In contrast to lymphocyte homing, little is known about molecular cues controlling the motility of lymphocytes within lymphoid organs. Applying intravital two-photon microscopy, we demonstrate that chemokine receptor CCR7 signaling enhances the intranodal motility of CD4+ T cells. Compared to wild-type (WT) cells, the average velocity and mean motility coefficient of adoptively transferred CCR7-deficient CD4+ T lymphocytes in T cell areas of WT recipients were reduced by 33 and 55%, respectively. Both parameters were comparably reduced for WT T lymphocytes migrating in T cell areas of plt/plt mice lacking CCR7 ligands. Importantly, systemic application of the CCR7 ligand CCL21 was sufficient to rescue the motility of WT T lymphocytes inside T cell areas of plt/plt recipients. Comparing the movement behavior of T cells in subcapsular areas that are devoid of detectable amounts of CCR7 ligands even in WT mice, we failed to reveal any differences between WT and plt/plt recipients. Furthermore, in both WT and plt/plt recipients, highly motile T cells rapidly accumulated in the subcapsular region after subcutaneous injection of the CCR7 ligand CCL19. Collectively, these data identify CCR7 and its ligands as important chemokinetic factors stimulating the basal motility of CD4+ T cells inside lymph nodes in vivo.
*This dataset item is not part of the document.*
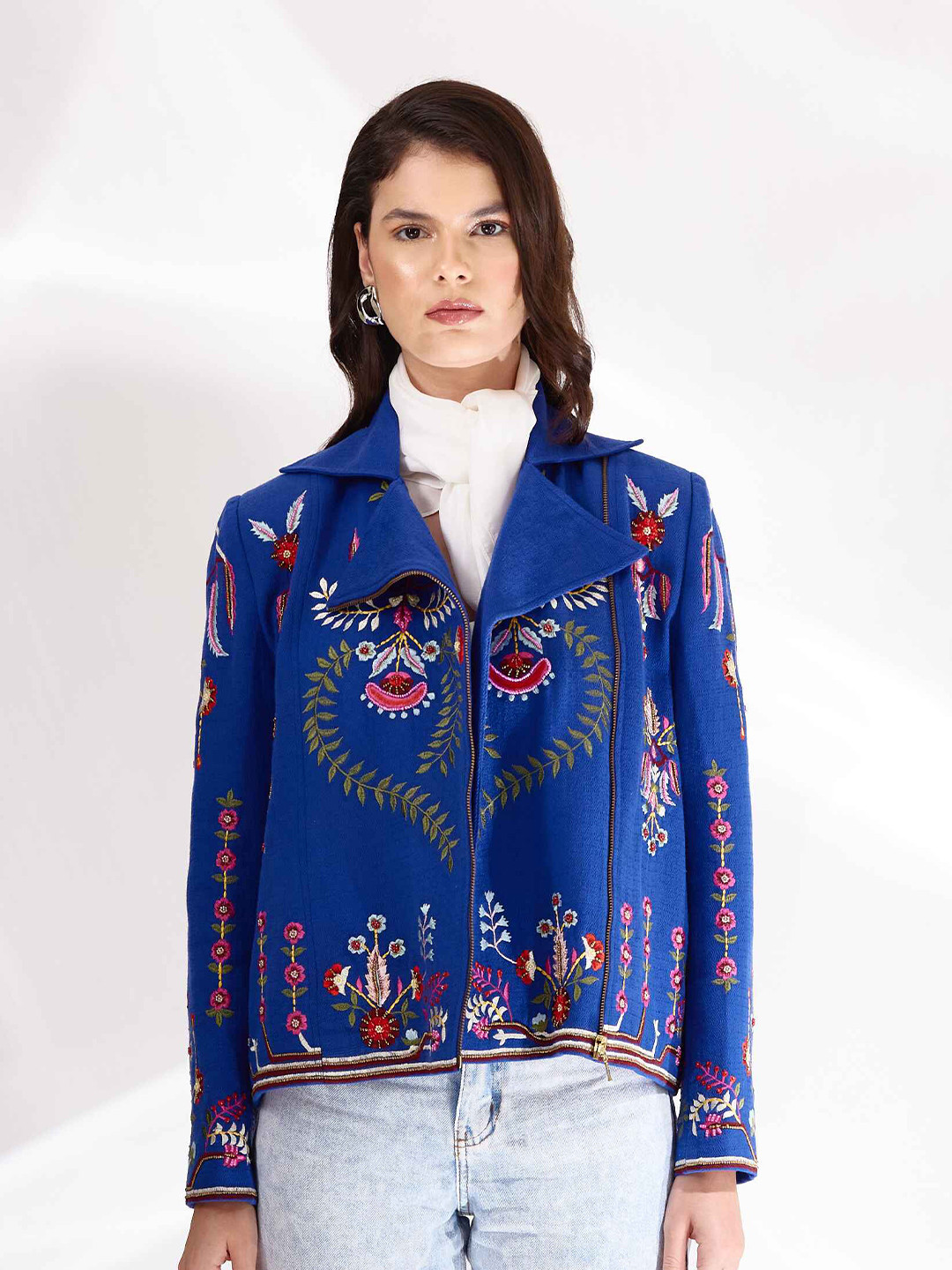 

BETRUE Women Floral Embroidered Cotton Satin Denim Jacket, Blue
Naive T cells constantly recirculate through LNs in search of cognate antigen (1). Upon encountering antigen in the context of peptide–MHC complexes on the surface of antigen-presenting cells, naive T cells become activated, change their movement behavior, and start to undergo rapid cell division that leads to clonal expansion of T cells specific for the antigen recognized (2–4). In an antigen-inexperienced host, the frequency of naive T cells specific for any single given antigen is extremely low, typically 1 in 105–106 T cells (5). Therefore, to allow for an effective induction of a primary immune response, it is of utmost importance that naive T cells are able to scan large areas within LNs to encounter those DCs that actually present their cognate antigen.
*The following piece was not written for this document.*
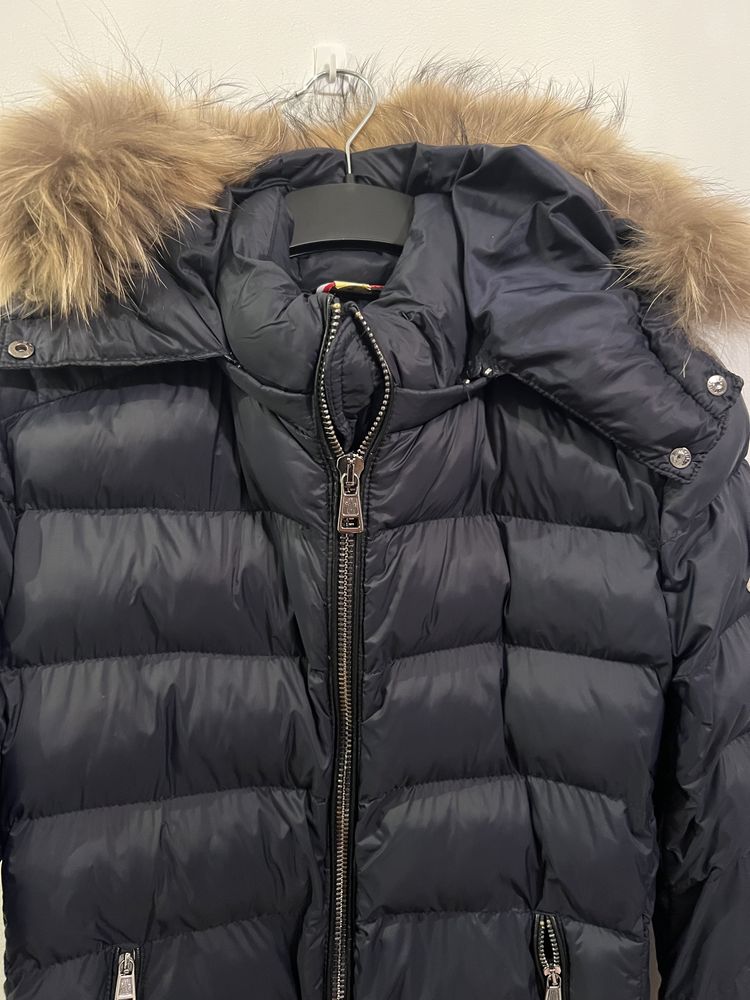 Kurtka granatowa z napisem Moncler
Several two-photon microscopy studies analyzing intranodal T cell migration in situ or after LN explantation (3, 6–8) have established a model of naive T cells migrating in a mode of random walk while scanning the T cell area. However, it remains largely unknown which factors actually determine the intranodal motility of naive T cells. Different chemokines, most prominently CCL19 and CCL21, are constitutively present in the T cell area with corresponding chemokine receptors expressed on naive T lymphocytes (9, 10). Therefore, it seems possible that chemokines act as modulators of the basal motility level of naive T cells. The key functions of CCR7 for the homing of B and T lymphocytes (10, 11) and DCs (12) to LNs, the positioning of activated B and T cells within LNs (13, 14), and the chemotaxis of activated B cells (15) and thymocytes (16) are well established. Furthermore, recent studies have suggested a chemokinetic effect of CCR7 ligands on naive T cells in vitro (17, 18); however, it is still unclear whether CCR7 signaling affects the intranodal motility of naive T lymphocytes in vivo.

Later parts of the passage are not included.